Voz da Rússia: A Rússia também está se preparando para uma Olimpíada, já em 2014. São os Jogos Olímpicos de Inverno, que acontecem em Sochi, no sul do país. E saiu um dado recente, tornado público, de que esse evento vai custar US$ 50 bilhões à economia nacional. Aí, a gente se pergunta: qual será o legado disso tudo? No Brasil, onde serão realizadas a Copa das Confederações, a Copa do Mundo e as Olimpíadas, também há esse tipo de preocupação? O que será possível aproveitar depois desses grandes eventos?

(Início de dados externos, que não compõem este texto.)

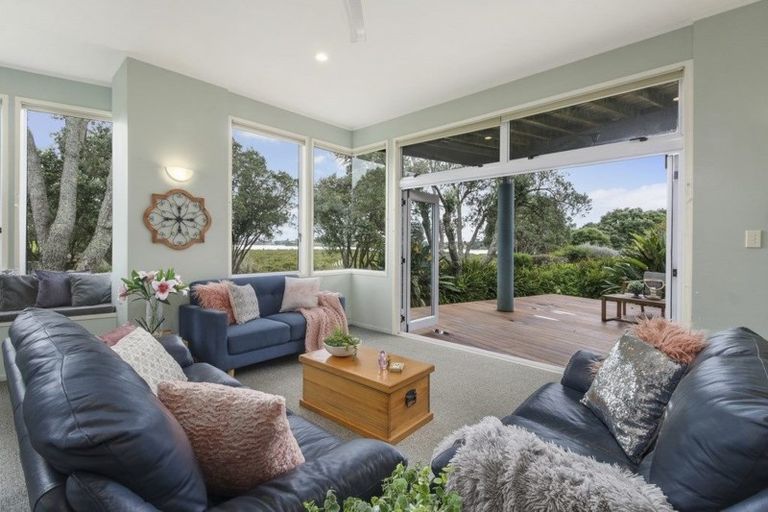 Photo of property in 6 Catania Place, Conifer Grove, Takanini, 2112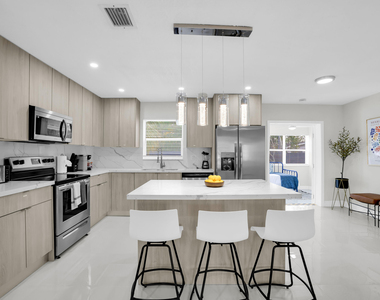 3160 Sw 20th Court - Photo Thumbnail 8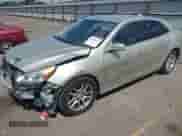 2015 Chevrolet Malibu LT z VIN 1G11C5SL5FF199920, wystawiony jako IAAI lot #43305116 z przebiegiem 210 165 mil mil oraz . Historia ofert i sprzedaży dostępna na DreamBid. Obrazek 2.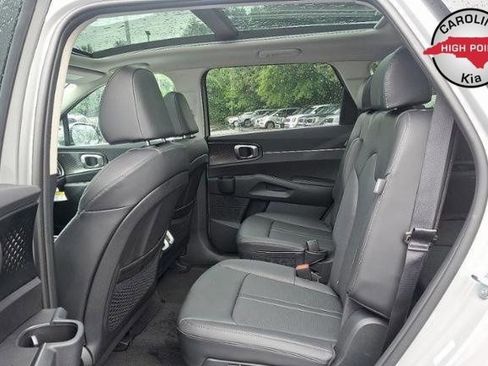 New 2025 Kia Sorento EX w/ Panoramic Sunroof Package image 5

AR: Há dois tipos de legado. Um é o material, que o país acrescenta à sua infraestrutura esportiva em equipamentos, em capacidade de oferecer esporte tanto educacional quanto de alto rendimento para a sua população. O outro legado é intangível, é imaterial, é a valorização da prática da atividade física e do esporte como prática de saúde. As pessoas vão passar a valorizar mais a atividade física e o esporte. Isso é uma coisa muito importante. Há a projeção que esses eventos dão ao país. Ele passa a ser mais conhecido, mais procurado como destino turístico, ele passa a ser mais respeitado pela sua capacidade de organizar grandes eventos, passa a ser mais admirado pela sua capacidade de receber bem as pessoas e tratar bem os visitantes. Eu creio que no Brasil nós teremos ganhos importantes. Consultorias internacionais calculam que Copa e Olimpíadas juntas, no Brasil, vão criar mais de 3,6 milhões de empregos, vão acrescentar 0,4% – só a Copa do Mundo – ao PIB brasileiro até 2019, vão melhorar a qualidade da nossa engenharia civil, do setor de serviços, como turismo, hospedagem e transporte. As nossas cidades passarão a ser mais conhecidas. Principalmente aquelas que vão sediar a Copa do Mundo. Tanto é assim que há sempre uma disputa muito forte para sediar esses eventos. A Olimpíada de Londres passou por uma disputa com Paris, duas metrópoles que são celebridades no mundo. Na do Rio de Janeiro, o Brasil disputou com a cidade do presidente Obama, Chicago. E a Copa do Mundo é um sonho de todo país. Os chineses já trabalham para sediar uma Copa daqui a trinta anos pelo menos. Os argentinos e os uruguaios querem trazer a Copa do Mundo para celebrar o centenário no Uruguai, onde ocorreu a primeira edição da Copa, em 1930. Então, eu acho que há ganhos importantes para o país, tanto na Copa do Mundo quanto nos Jogos Olímpicos.